I knew why she’d said it. To hit me in the ego and piss me off so I didn’t let the adrenaline leaving get the best of me. She said it to keep me focused on her. But it wasn’t shock that had a tremor running through me. It was agony at what could have happened to her just for being at my side.
In practically one motion, I grabbed her and hauled her onto my lap and planted my mouth on hers. Feeling the heat. Feeling the life. Feeling her instant response.
Her hands surrounded my neck, nails digging in. She leaned into the kiss, adding her own fire and strength to it. She bit my lower lip, and I growled, fisting her hair and slanting our mouths so I could deepen the kiss and slide my tongue inside those honeyed depths. She let me in, echoing every stroke with ones just as forceful, telling me as clear as if she’d said the words that she wasn’t giving me control just now. That I’d have to let her guide this embrace as much as me.
And I did. Because we both needed it. We both needed to find some power after those terrible minutes of having none, when our lives could have disappeared with a single shot piercing mere skin and bone.
Slowly, the intensity eased into something softer, more tender. Gratitude for being alive. Relief that we were both there. I lifted my mouth from hers, grabbed her chin, and put enough space between us that I could meet her eyes.
“You’re going home, Tennessee.”
“On Sunday, Slick.” Her chin jutted out in stubbornness.
“Tomorrow morning. Your ass is on my plane, and my pilot is taking you home.”
“I’m not leaving you or Fallon,” she said.

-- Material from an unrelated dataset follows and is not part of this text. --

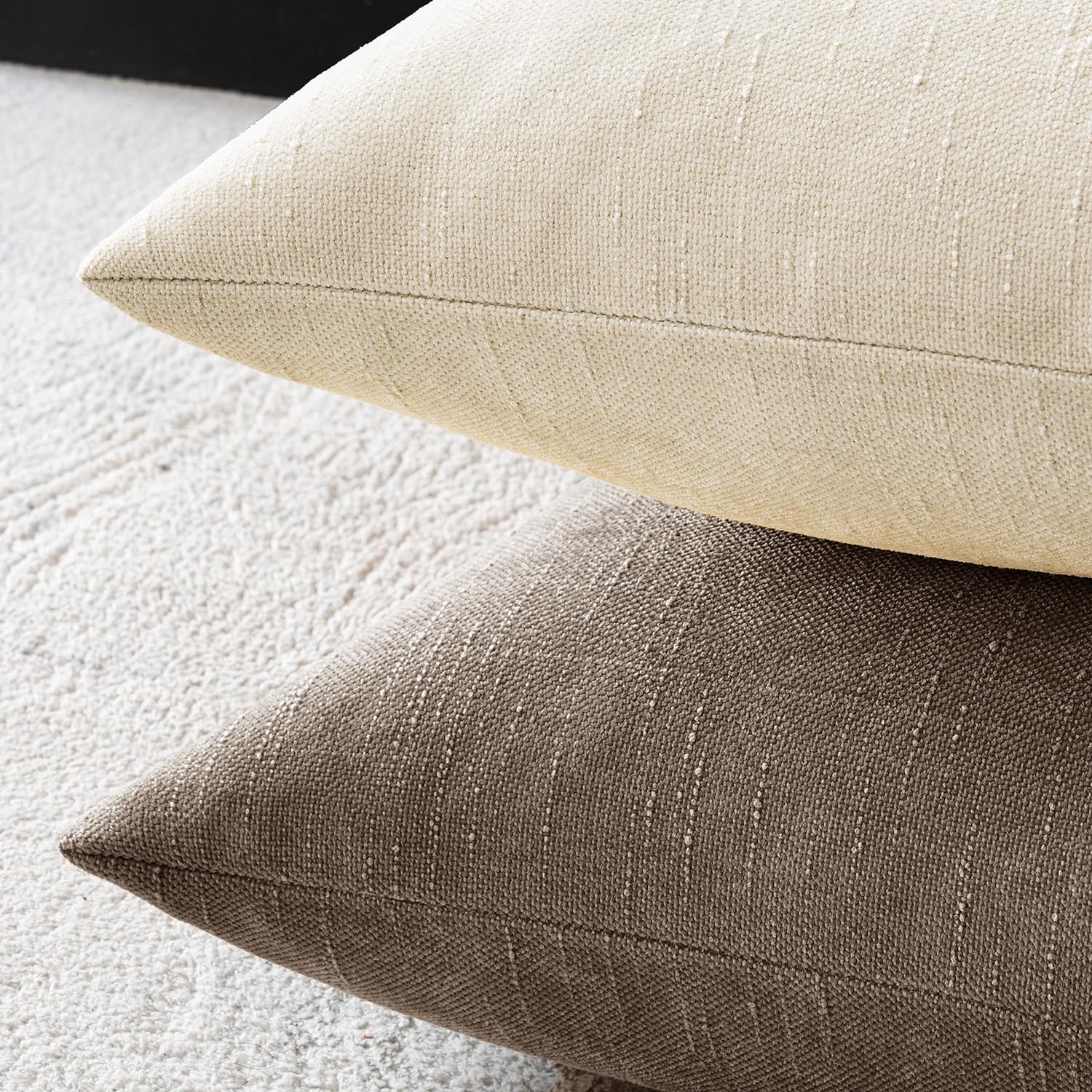 MIULEE on bed lifestyle shot conveys warm bedroom ambiance and versatile use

And the simple fact she’d included my daughter in that statement tore another hole through me larger and more lasting than the damn graze the bullet had caused. Larger and more lasting than any wound I’d ever earned.
Chapter Twenty-six
Sadie
LOVE I GOT LEFT
Performed by Max McKnown
He was an idiot if hethought I’d walk away when he was in danger. He didn’t know anything about me or my Hatley blood if he thought I’d turn away from the person I loved when their life was on the line.

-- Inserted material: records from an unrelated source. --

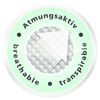 Atmungsaktiv und transpirierbar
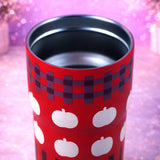 Red Checks Apple, Rich Series, Stainless Steel Tumbler and Water Bottle for kids, Teens and Adults, 560 ml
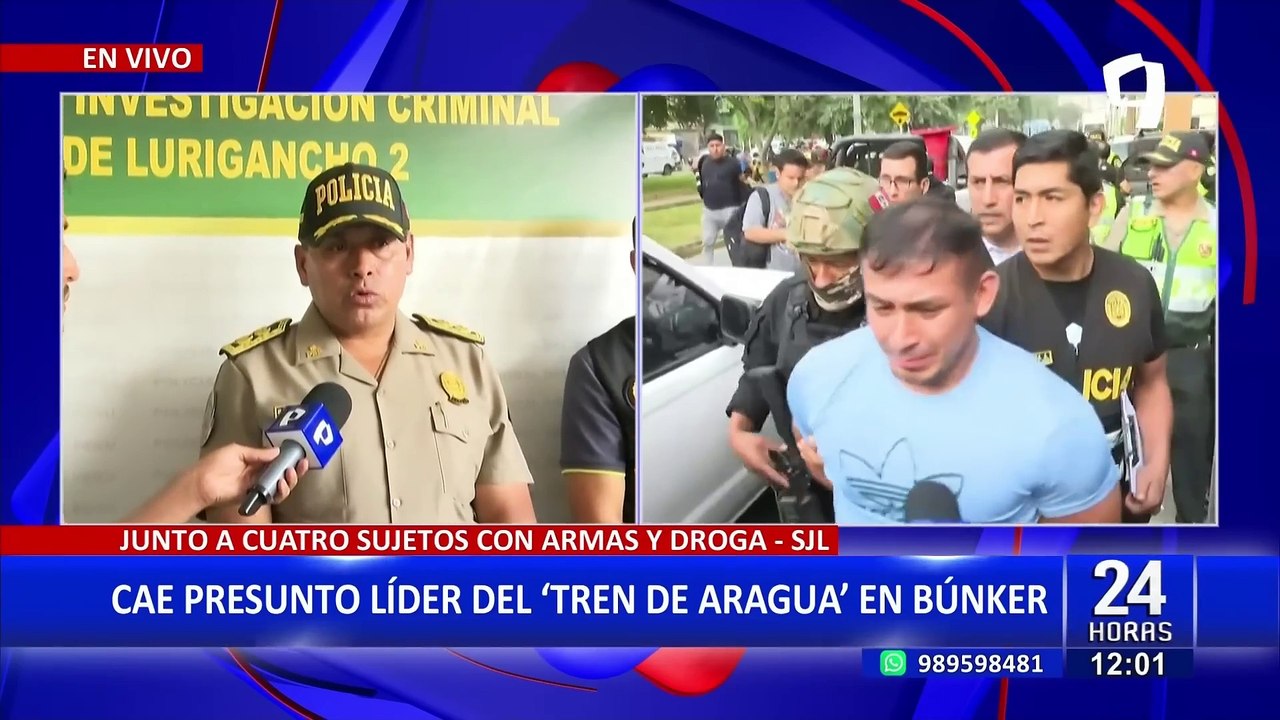 Golpe al 'Tren de Aragua' en SJL: allanan búnker e intervienen a más de 10 personas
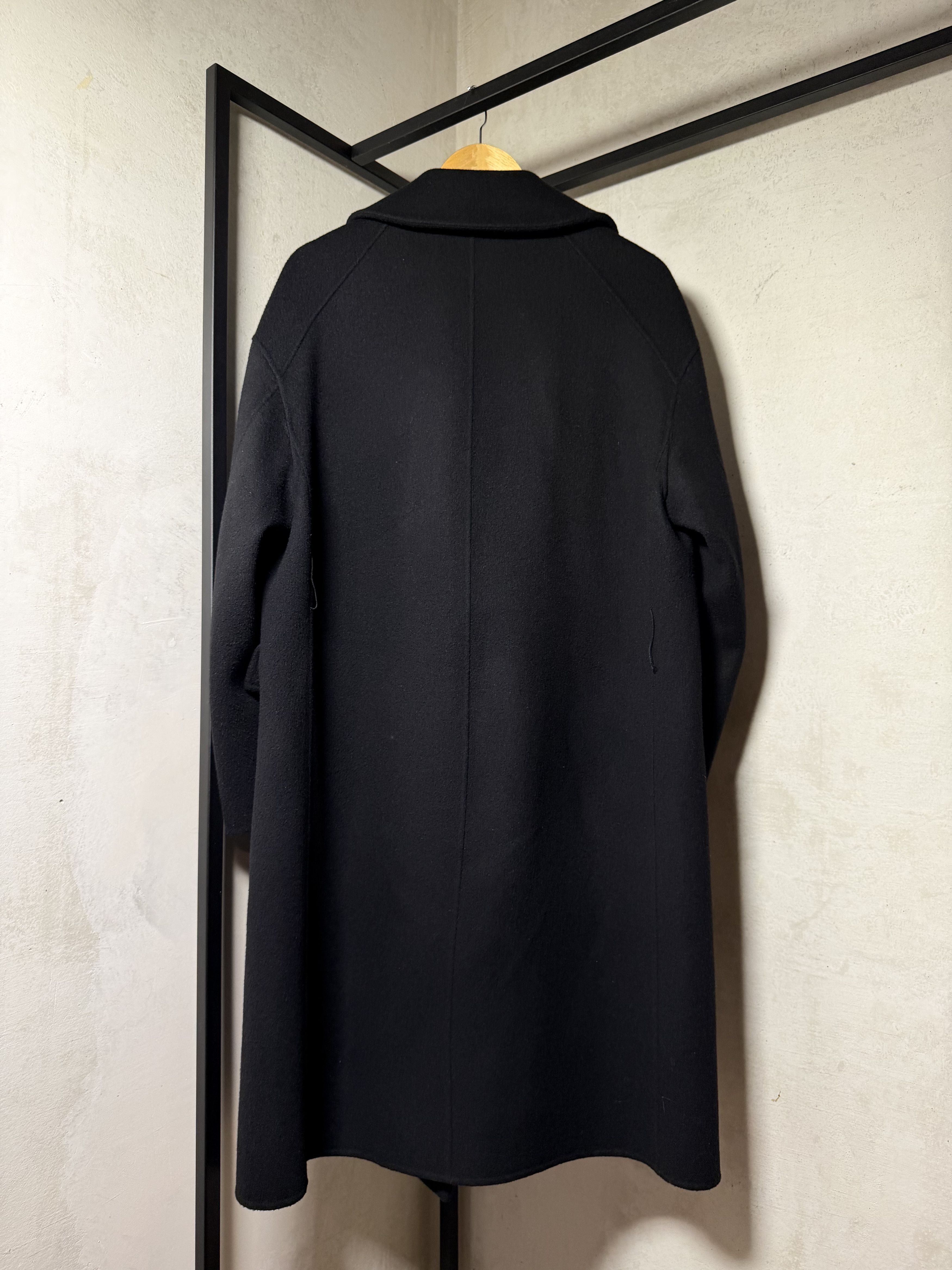 Juun.J Juun.J Black Wool Double-Breasted Coat Size S / US 4 / IT 40 - 23 Thumbnail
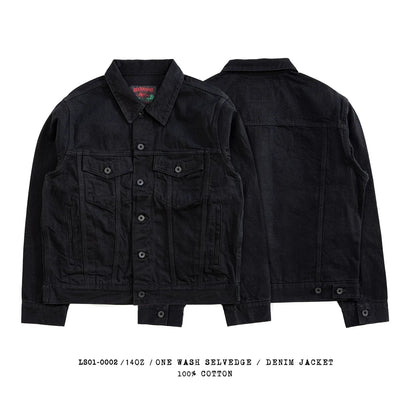 Black Type III Denim Jacket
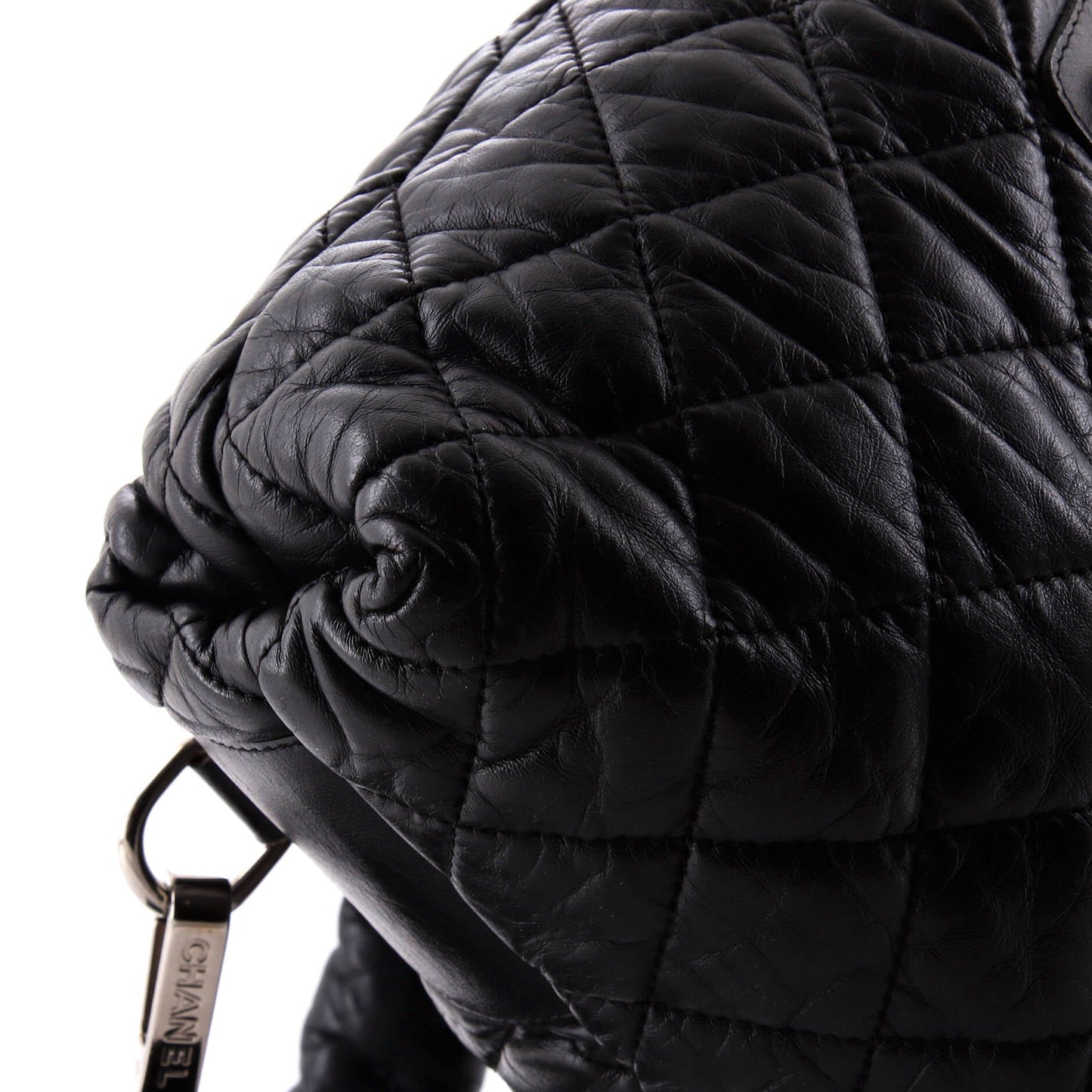 Coco Cocoon Flap Backpack Quilted Lambskin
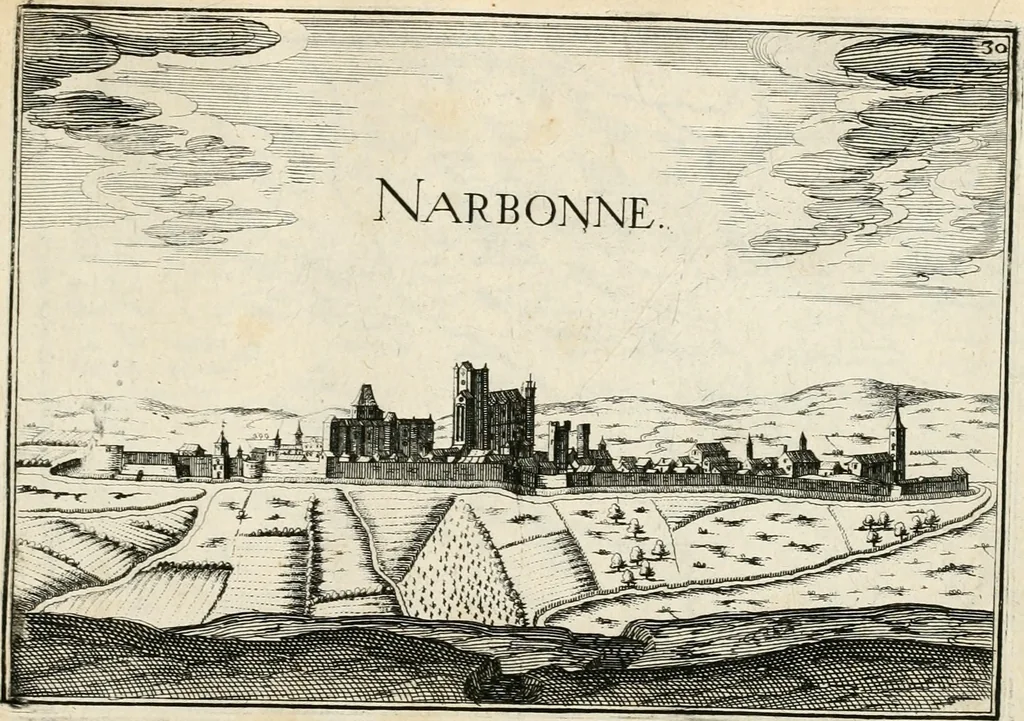 An illustration from Premiere[-seconde] partie, Les plans et profilz de toutes les principalles villes et lieux considerables de France : ensemble les cartes generalles de chascune prouince & les particulières de chasque gouuernement d'icelles, 1636, leaf 794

The shots fired at us had triggered a whole slew of ugly inside me. For several horrible seconds, I’d been right back in that moment at the ranch with my desperate fear for Mila squeezing my chest. Right back to watching blood pour from my thigh as my tiny niece ran for her life just as I’d lost consciousness.
It would be so easy to slip into the intense emotions of that day. The terror and agony of not being able to go after her. The relief at seeing Maddox. The panic of coming awake after surgery, and the doctors telling me I might never get full use of my leg back.

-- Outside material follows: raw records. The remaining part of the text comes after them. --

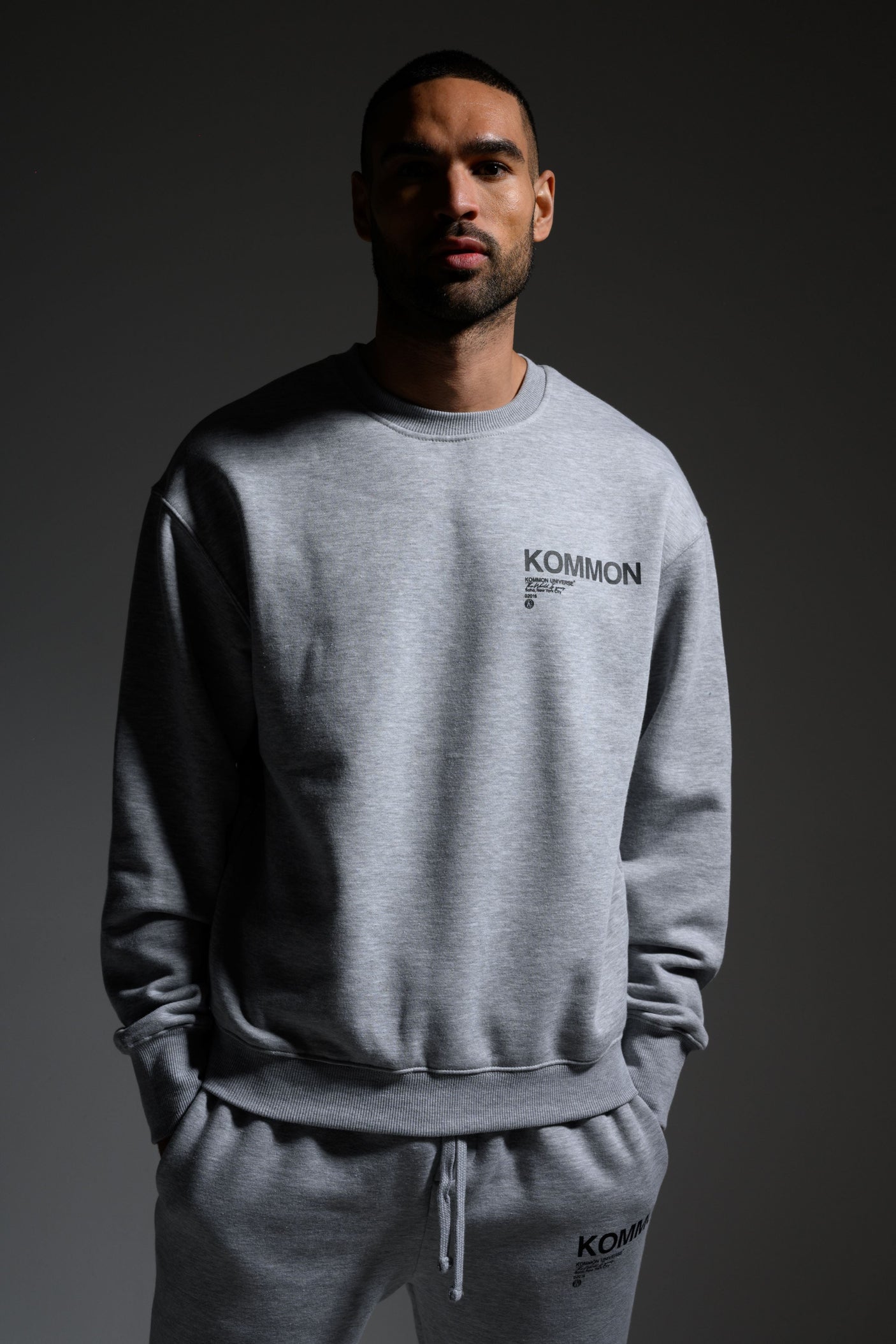 KEL CREW - GREY MARL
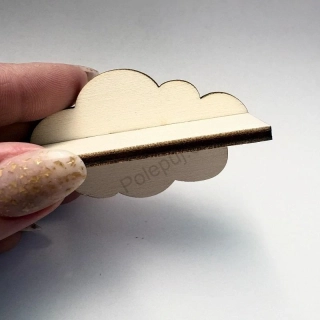 Mráček s poličkou z překližky 6 cm - dekorace a další tvoření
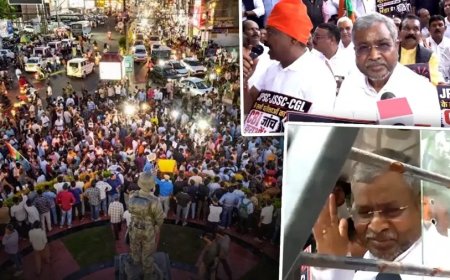 रांची में छात्रों का विधानसभा मार्च: सीएम आवास के बाहर बीजेपी का धरना, बाबूलाल मरांडी हिरासत में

I wouldn’t lie and say my hands weren’t still shaking. That the memories and fear weren’t still curling through my blood, but I refused to give in to it. Refused to let whomever this was coming for Rafe and his family send me cartwheeling back into the dark I’d been swimming against for nearly three years. I only wished, like I had that day with Mila, that I’d had a weapon to defend us. Some way of striking back as the bullets rained. A chance for a whisper of control in a situation where I’d had none.
His hand landed in my hair, drawing the strands around his finger, tugging so I was forced to meet his gaze again. “Sadie, I…” He swallowed hard, Adam’s apple bobbing. “Damn it. I won’t be the reason you get hurt…or worse. I’m so sorry this brought back those memories for you. That you had to experience any of it again.”
The fact he was more upset about what this had triggered in me than being shot at snagged my heart and made it his more than it already was. I stroked his beard, hating the grief and remorse I saw in his eyes, the guilt and blame that would stick to him. I knew those feelings too. All too well.
“Some asshole shooting at you isn’t your fault.” When I saw he was going to argue, I shook my head and cut him off. “You want to do something for me, Rafe? Find out who it is and put them away.”